Using the listing below, extract each line that has the word "wall" in it.
##### Provided entries
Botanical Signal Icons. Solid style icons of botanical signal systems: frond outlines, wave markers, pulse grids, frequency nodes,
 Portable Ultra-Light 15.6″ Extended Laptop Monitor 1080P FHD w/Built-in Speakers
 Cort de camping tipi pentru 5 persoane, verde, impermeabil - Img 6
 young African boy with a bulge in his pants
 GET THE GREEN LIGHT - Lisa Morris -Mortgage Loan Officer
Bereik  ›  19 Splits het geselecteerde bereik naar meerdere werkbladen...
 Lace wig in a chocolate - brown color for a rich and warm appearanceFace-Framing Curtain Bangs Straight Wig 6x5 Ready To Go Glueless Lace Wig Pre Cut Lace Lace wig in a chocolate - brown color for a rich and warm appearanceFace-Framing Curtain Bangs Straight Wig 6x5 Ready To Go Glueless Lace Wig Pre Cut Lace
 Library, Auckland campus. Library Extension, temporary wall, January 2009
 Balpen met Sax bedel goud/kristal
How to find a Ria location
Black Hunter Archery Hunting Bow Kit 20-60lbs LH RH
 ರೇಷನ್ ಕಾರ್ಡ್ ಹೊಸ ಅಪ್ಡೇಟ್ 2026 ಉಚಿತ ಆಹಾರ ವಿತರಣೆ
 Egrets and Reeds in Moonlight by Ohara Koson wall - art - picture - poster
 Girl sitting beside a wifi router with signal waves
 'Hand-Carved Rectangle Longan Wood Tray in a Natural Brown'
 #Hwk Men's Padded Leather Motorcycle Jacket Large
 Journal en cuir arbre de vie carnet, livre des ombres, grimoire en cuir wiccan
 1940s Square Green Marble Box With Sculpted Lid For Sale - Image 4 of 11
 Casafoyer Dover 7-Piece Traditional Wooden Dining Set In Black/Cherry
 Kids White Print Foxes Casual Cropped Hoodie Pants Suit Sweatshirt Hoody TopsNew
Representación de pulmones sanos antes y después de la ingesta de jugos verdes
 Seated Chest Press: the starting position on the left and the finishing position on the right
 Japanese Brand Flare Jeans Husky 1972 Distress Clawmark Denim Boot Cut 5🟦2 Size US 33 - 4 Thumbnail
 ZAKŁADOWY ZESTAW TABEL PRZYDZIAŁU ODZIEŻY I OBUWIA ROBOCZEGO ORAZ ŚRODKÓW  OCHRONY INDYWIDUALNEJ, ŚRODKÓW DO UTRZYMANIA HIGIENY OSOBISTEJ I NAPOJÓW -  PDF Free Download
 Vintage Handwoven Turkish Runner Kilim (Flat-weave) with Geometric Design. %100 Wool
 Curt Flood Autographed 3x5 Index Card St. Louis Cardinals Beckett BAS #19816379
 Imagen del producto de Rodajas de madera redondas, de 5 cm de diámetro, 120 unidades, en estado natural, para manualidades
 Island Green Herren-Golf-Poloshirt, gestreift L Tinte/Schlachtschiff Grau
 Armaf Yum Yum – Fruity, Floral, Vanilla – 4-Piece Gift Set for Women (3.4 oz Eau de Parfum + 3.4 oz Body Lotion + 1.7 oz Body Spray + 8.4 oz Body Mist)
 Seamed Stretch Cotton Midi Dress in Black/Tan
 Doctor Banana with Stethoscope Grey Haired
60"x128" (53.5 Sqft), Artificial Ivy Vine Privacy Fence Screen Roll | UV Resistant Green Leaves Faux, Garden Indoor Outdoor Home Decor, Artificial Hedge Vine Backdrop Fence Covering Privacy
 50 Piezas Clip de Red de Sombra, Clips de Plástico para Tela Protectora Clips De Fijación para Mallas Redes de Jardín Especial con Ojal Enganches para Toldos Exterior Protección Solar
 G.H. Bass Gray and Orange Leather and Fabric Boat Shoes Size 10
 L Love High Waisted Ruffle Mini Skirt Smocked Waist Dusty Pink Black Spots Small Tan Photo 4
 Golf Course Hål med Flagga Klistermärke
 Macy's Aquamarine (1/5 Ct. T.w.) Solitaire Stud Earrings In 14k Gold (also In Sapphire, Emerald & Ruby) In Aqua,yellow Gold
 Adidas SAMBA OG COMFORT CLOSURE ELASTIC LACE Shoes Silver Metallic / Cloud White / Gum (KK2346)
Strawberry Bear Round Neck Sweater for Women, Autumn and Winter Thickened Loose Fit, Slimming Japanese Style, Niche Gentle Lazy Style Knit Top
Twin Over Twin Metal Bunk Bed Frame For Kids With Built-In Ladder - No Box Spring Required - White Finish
##########
■ Result for this task:
 Library, Auckland campus. Library Extension, temporary wall, January 2009
 Egrets and Reeds in Moonlight by Ohara Koson wall - art - picture - poster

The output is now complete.